By: Tim Jackson, Senior VP of Sales and Marketing, Globecast Americas
The combination of NAB Show NY and SVG’s Transport 2023 conference, held in October in New York City, are very important for us and this year was no different.
NAB Show New-York is an interesting show. It’s very specialized and for us it’s really more about meeting partners/suppliers than it is about gaining prospects and discussing new business opportunities. Having said that, NAB Show NY is very good for networking, and we did meet with some of our key customers and industry colleagues.
The SVG Transport event is always a great opportunity for us to get together with industry leaders. It’s becoming increasingly relevant for us as we look towards the opening of our new Westlake Village facility and our increased capabilities, specifically our massively enhanced live sports integration options. The build is progressing well and is in full motion.
As this event concentrates on transport, specifically the transport of sport, it plays absolutely to our main focus: how do you get content from origination through to distribution at the required quality and which technologies are best employed to do that? We see this is where we will continue to get the most attention going forward, including more remote production work, more integration of studio content and ads/promos into live sports.
If you look at the work we’re doing with some major internet players, that’s really focusing on the transport and monitoring of feeds, again to guarantee content is where it should be, when it should be at the right price and quality. I took part in a very good panel session at the event, which you can watch here.
The major theme of the conference was how transport is becoming a services-based environment and less focused on individual technologies. If we go back a few years, it was we’re in the satellite business or, hey, we’re a fiber provider or…The way we approach this now is those are simply tools we use to meet the needs of a broadcaster, depending on the requirements of each customer and each specific application. I don’t think there’s a company better suited to address this than us, especially with our new facility coming online next year.
Of course, use of the cloud is another fundamental question surrounding sport and was a subject at the conference. It was very much the focus of the panel I was on. We’ve been working in the cloud for five years now and we’re experts in that. Though, when it comes to sports and the cloud, it’s still very nascent in terms of conversations and deployments.
Let’s take a sports channel: relatively little is actually live and that’s the matches themselves and commentaries around that. The cloud isn’t quite there yet when it comes to the live playout of a complex sports event so traditional workflows are being deployed. But all of the content around that is absolutely in the cloud.
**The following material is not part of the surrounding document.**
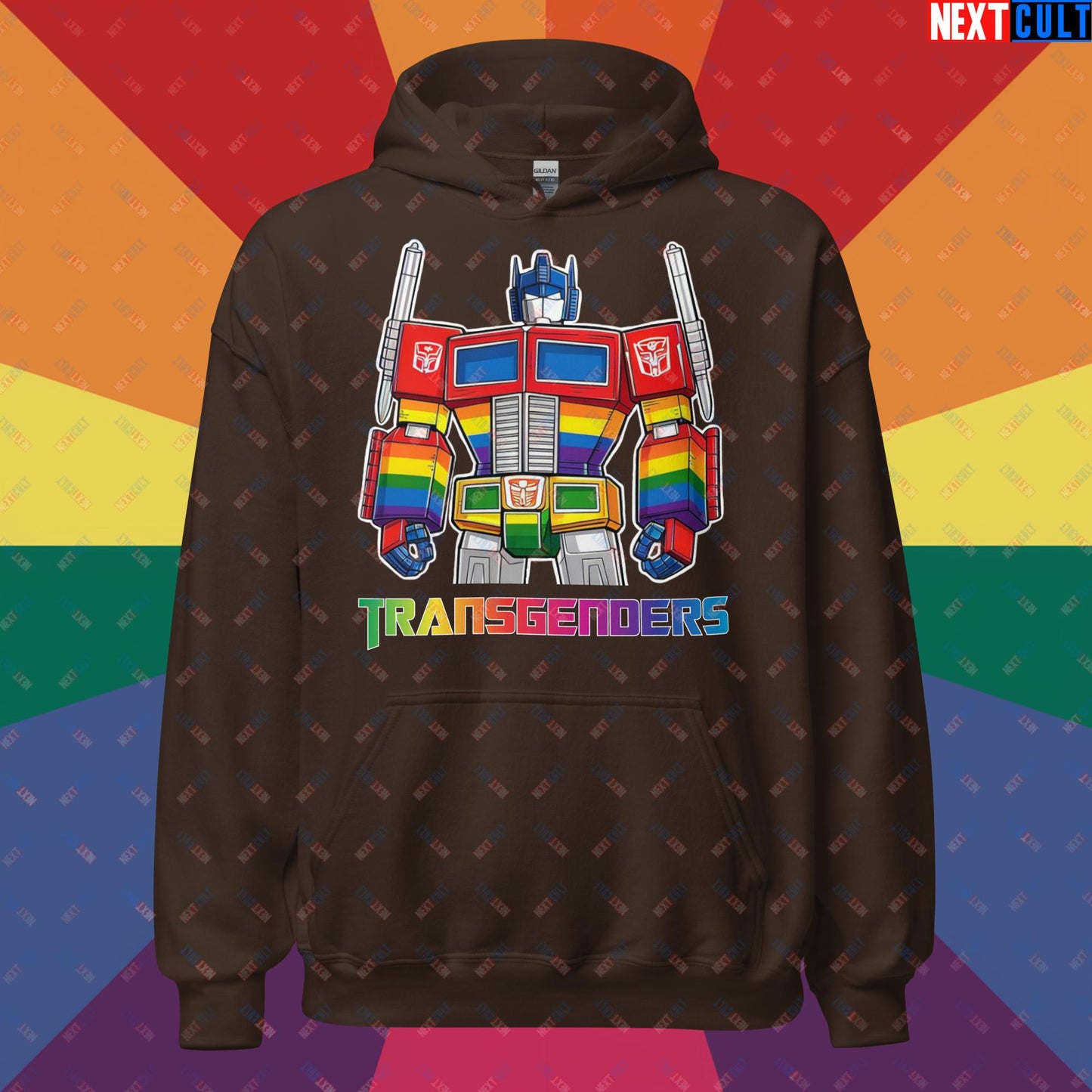 Funny Transgenders Transformers LGBTQ+ Pride Unisex Hoodie Dark Chocolate Hoodies LGBTQ+ Movies Transformers Next Cult Brand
Sport will be a major user of the cloud, but for now we have to leverage the appropriate technology for each use case and there are timing considerations when it comes to cloud use.
Then there’s the rise of SRT as a public internet transport protocol, which is becoming very widely adopted for primary content contribution and distribution. While relatively simple to use, it still requires a management layer and broadcasters can’t simply just utilize it. There’s configuration, monitoring and management components that have to be handled for successful use, a point that came out at the event. It requires expertise.
One of the things we talked about with some of the major sports broadcasters is none of us can see a time when you’re not going to use satellite OB trucks and fiber at something like the Super Bowl or the World Series. Adding those together is still the most robust. While IP bonding is undoubtedly an important technology, we still don’t see it being the main solution deployed; additional feeds may be internet-delivered but not the main content.
Looking more widely, it’s fair to say that market pressures on the B2C side also came up in several conversations at both events. Taking the FAST TV market as a case in point, virtually everybody, both on the broadcaster/OTT provider and technology supplier side, believes that part of the market is likely to face significant revision. And it’s not alone.
With the shift in consumer sports consumption, specifically in the US, we’re seeing opportunities for our services in the Regional Sports Network (RSN) market, which, as I think we all know, has gone through a rough year. As Marketplace posted earlier in 2023, “As consumers cut cable services in favor of streaming platforms, regional sports networks are at risk of going under. In the first quarter of 2023, an estimated 2.3 million Americans ditched traditional cable packages.” While that may not sound like great news for RSNs, we see the situation from a different perspective. As RSNs cut ties with cable operators, they are still going to want to reach their fans directly so that creates these new opportunities. We are very well positioned to capitalize on this.
If we look more widely, and this is a been a question we’ve been asking for several years now: why should programmers and broadcasters own and operate their own technical infrastructure when they should simply be in the content business? As price pressures mount, and returns to investors increase in importance, they are under pressure, both small scale operations and very well-known brands. There may well be a need for them to turn to us on the technical services side. That is fantastic for us. We are very scalable and broadcasters, especially on the sports side, have to look at their cost base and what’s actually generating revenue. Consumers don’t have an unlimited amount of money to spend, especially now, and companies can’t simply keep charging more for every little thing.
Our customer base is expanding to include some of the biggest brands in the world and we’re excited to be leveraging our expertise to help them in the live video space, especially sports. We are focused on providing a really high level of service across the full suite of technologies available to satisfy the ever-growing needs of our customers.